Source material:
-------------------------

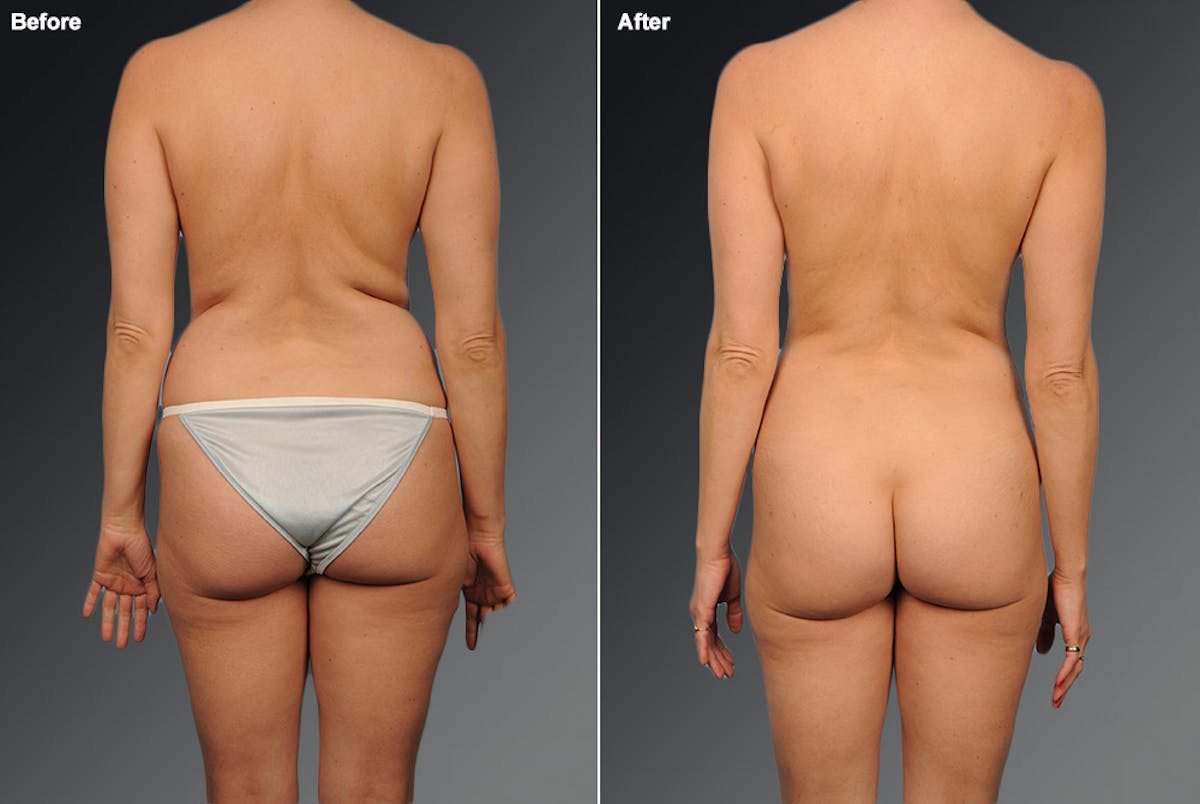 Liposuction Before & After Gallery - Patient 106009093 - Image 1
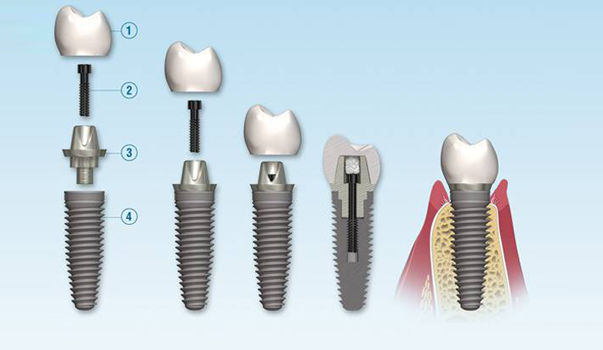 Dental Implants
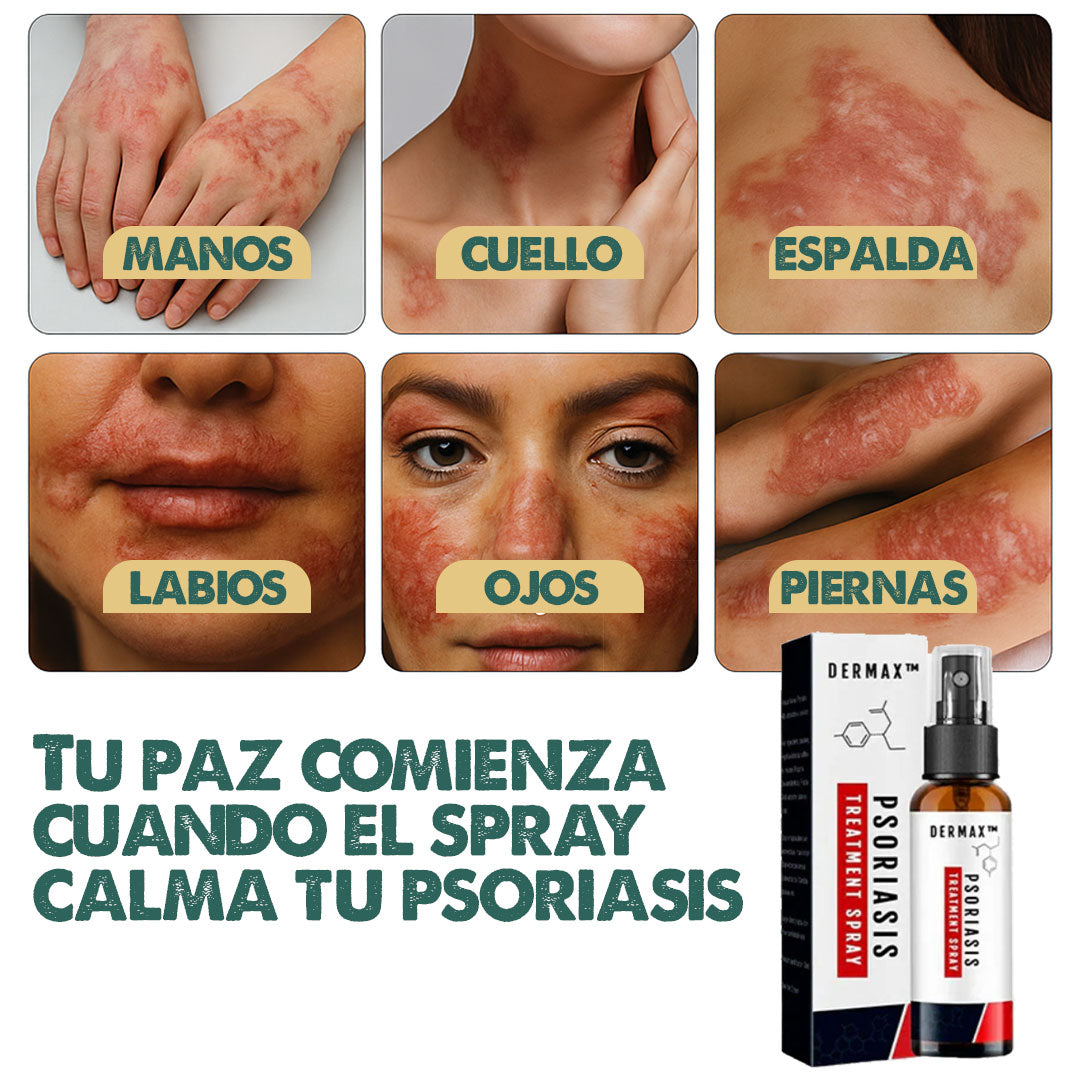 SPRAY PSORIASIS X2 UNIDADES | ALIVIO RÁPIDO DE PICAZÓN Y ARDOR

-------------------------

Description of the task:
Your output must reproduce the material above in full, with no pictures.

Answer for the task:
 Liposuction Before & After Gallery - Patient 106009093 - Image 1
 Dental Implants
 SPRAY PSORIASIS X2 UNIDADES | ALIVIO RÁPIDO DE PICAZÓN Y ARDOR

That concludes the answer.